— Task goal —
Using the data that follows, return exactly the lines from the one that contains "CANNI UV LED" through the one that contains "474 Swanson Dr, Thornwood, NY", ends included.
Available data Start Marker
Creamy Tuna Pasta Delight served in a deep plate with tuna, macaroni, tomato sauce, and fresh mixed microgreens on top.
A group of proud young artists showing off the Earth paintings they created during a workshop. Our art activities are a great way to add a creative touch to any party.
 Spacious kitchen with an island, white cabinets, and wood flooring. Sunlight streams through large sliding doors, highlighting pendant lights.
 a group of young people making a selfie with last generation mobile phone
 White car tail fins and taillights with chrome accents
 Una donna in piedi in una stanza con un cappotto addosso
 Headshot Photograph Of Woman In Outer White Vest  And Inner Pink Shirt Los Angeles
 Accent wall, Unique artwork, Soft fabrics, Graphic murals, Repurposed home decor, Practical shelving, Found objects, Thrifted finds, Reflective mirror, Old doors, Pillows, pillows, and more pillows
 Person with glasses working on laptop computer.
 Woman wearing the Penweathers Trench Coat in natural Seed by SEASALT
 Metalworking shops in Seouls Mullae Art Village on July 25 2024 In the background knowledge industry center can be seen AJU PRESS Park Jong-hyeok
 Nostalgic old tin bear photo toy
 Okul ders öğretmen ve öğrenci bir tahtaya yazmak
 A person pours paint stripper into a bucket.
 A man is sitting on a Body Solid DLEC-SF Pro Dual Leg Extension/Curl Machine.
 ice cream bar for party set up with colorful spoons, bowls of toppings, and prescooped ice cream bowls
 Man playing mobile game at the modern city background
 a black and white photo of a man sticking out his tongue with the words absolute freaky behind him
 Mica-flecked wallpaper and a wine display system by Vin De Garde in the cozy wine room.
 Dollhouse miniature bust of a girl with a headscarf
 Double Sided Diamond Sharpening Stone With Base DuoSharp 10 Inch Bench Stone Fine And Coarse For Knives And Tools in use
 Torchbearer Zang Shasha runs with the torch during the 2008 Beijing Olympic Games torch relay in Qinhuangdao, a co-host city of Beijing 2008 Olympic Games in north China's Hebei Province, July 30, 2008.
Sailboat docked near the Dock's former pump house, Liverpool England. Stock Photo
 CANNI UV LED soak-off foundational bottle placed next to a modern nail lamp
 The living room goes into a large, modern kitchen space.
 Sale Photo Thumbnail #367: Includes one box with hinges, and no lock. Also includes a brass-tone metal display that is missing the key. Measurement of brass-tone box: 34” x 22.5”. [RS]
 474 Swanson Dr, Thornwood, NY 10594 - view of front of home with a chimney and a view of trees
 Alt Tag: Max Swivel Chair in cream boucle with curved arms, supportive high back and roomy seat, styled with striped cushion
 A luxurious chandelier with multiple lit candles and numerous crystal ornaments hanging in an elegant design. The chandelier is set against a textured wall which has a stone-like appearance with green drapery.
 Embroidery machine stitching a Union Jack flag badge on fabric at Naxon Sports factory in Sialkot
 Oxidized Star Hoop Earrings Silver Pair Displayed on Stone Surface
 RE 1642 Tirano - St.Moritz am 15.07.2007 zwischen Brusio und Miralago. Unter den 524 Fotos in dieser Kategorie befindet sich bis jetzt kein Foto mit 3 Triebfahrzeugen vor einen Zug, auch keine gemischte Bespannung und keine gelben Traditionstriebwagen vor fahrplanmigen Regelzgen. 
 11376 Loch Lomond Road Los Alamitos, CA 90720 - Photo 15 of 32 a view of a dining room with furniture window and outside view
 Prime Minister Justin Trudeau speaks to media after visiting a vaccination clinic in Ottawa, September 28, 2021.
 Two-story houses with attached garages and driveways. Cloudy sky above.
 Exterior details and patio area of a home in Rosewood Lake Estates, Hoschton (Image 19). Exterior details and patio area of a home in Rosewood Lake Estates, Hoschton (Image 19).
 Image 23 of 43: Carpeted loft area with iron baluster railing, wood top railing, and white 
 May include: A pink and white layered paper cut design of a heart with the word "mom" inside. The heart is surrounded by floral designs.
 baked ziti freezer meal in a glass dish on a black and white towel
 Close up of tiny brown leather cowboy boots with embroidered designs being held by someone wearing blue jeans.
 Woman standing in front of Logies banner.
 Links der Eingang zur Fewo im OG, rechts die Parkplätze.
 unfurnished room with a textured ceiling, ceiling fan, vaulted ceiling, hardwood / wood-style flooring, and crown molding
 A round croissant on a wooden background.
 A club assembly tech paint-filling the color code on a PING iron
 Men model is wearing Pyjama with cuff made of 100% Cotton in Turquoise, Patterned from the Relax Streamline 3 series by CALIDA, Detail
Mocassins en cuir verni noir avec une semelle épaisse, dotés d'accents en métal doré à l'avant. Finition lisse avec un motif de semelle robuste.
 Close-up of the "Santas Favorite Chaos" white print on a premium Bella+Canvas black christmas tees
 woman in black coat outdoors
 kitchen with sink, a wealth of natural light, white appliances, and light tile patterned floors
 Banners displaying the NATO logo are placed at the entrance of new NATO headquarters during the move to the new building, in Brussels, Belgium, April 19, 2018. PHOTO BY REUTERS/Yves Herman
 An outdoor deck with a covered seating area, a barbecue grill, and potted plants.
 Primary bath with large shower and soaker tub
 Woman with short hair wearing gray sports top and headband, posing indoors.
Available data End Marker
— The completed task —
 CANNI UV LED soak-off foundational bottle placed next to a modern nail lamp
 The living room goes into a large, modern kitchen space.
 Sale Photo Thumbnail #367: Includes one box with hinges, and no lock. Also includes a brass-tone metal display that is missing the key. Measurement of brass-tone box: 34” x 22.5”. [RS]
 474 Swanson Dr, Thornwood, NY 10594 - view of front of home with a chimney and a view of trees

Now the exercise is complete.